2👍
Here’s what you have to do:
- Create a django website that takes data you want to display from a
database (can be sqlite) and shows it in desired format - Create a crawling script
-
Add a view that renders a form (your desired url input functionality) and starts the script. There are actually two was you
can go about it:3.1 Have the script start in the main job – freezes your site for the
user until crawling is done, but is easier to do3.2 Have it schedule a crawling job via celery or cron – all-round
better, doesn’t freeze anything, allows more flexibility, allows to
see current progress and so on, but required to set up a job queue
and generally harder to do for the first time. -
Make your script put scraped urls and required info to the same databse django is taking data from.
Now for dynamic progress display, I am by no means specialist, but I see some ways:
- Have script keep a log of events (can do it via a django model, so that events are stored in db) (e.g. “parsed url http://foo.bar“), have a page that displays events for a certain job.
- Make the whole interactive crawling process a separate application that runs an async server that sends feedback. For example do it via websockets: django serves a js file. In the js file the application connects to a websocket application (preferrably running from the same host as django) that’s doing the crawling and reporting progress over websockets. Mind you this is tricky to set up, but possible.
- You could have django display stuff from log files, but I think it could get tricky easily.

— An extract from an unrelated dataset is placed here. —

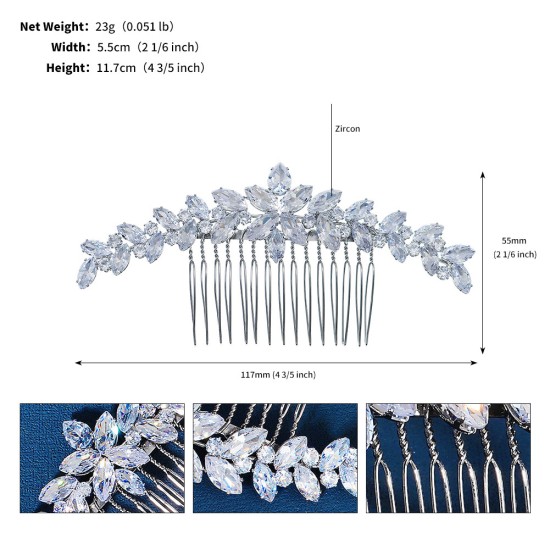 Bride hair jewelry Wedding dress headwear simple ins High -level sense, full -match light luxury combing crystal combing combing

For dynamic progress display you will still need some kind of async eiher way. You could do it with long polling: have a js script on django side poll django via AJAX GET for new info to display every second or so. This technique is falling out of fashion lately (because it spams the server with expensive requests), but it still works and is quite simple.
I think the best option is to have celery jobs put crawled data and logs in a database, have django show logs and data to user and accept user input.